• **RECORD EXTRACTS**:
=== Section Start ===
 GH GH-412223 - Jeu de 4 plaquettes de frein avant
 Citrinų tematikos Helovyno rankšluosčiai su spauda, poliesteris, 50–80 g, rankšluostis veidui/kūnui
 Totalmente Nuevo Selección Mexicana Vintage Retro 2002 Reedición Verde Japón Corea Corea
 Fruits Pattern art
=== Section End ===
=== Section Start ===
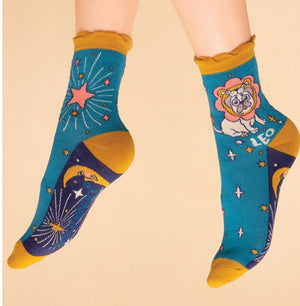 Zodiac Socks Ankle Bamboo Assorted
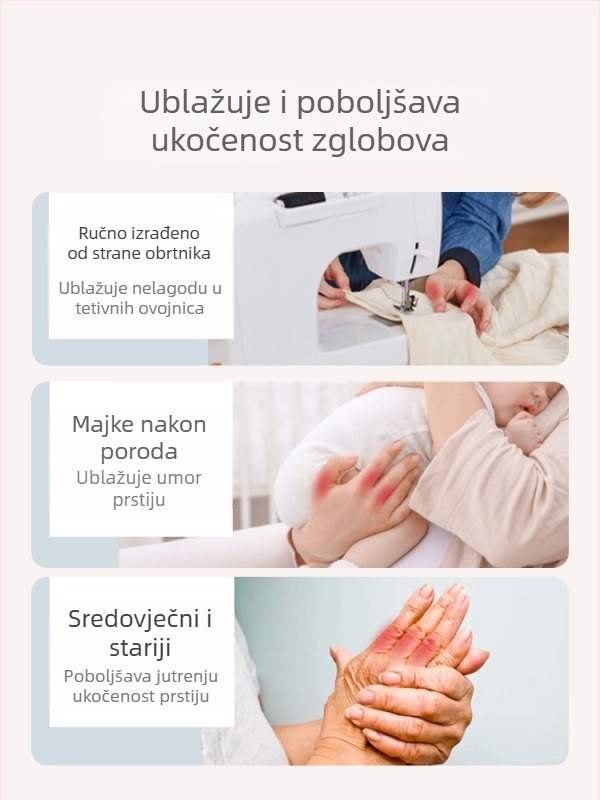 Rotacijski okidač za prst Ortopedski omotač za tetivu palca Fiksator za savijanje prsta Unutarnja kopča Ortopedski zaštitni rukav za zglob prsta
=== Section End ===
• **WHAT THE TASK ASKS**: Produce an exact reproduction of the listing above, limited to the lines starting at the line with "Zodiac Socks Ankle Bamboo Assorted" and ending at the line with "Rotacijski okidač za", both kept, with every picture left out.

• **FINISHED EXERCISE**:
 Zodiac Socks Ankle Bamboo Assorted
 Rotacijski okidač za prst Ortopedski omotač za tetivu palca Fiksator za savijanje prsta Unutarnja kopča Ortopedski zaštitni rukav za zglob prsta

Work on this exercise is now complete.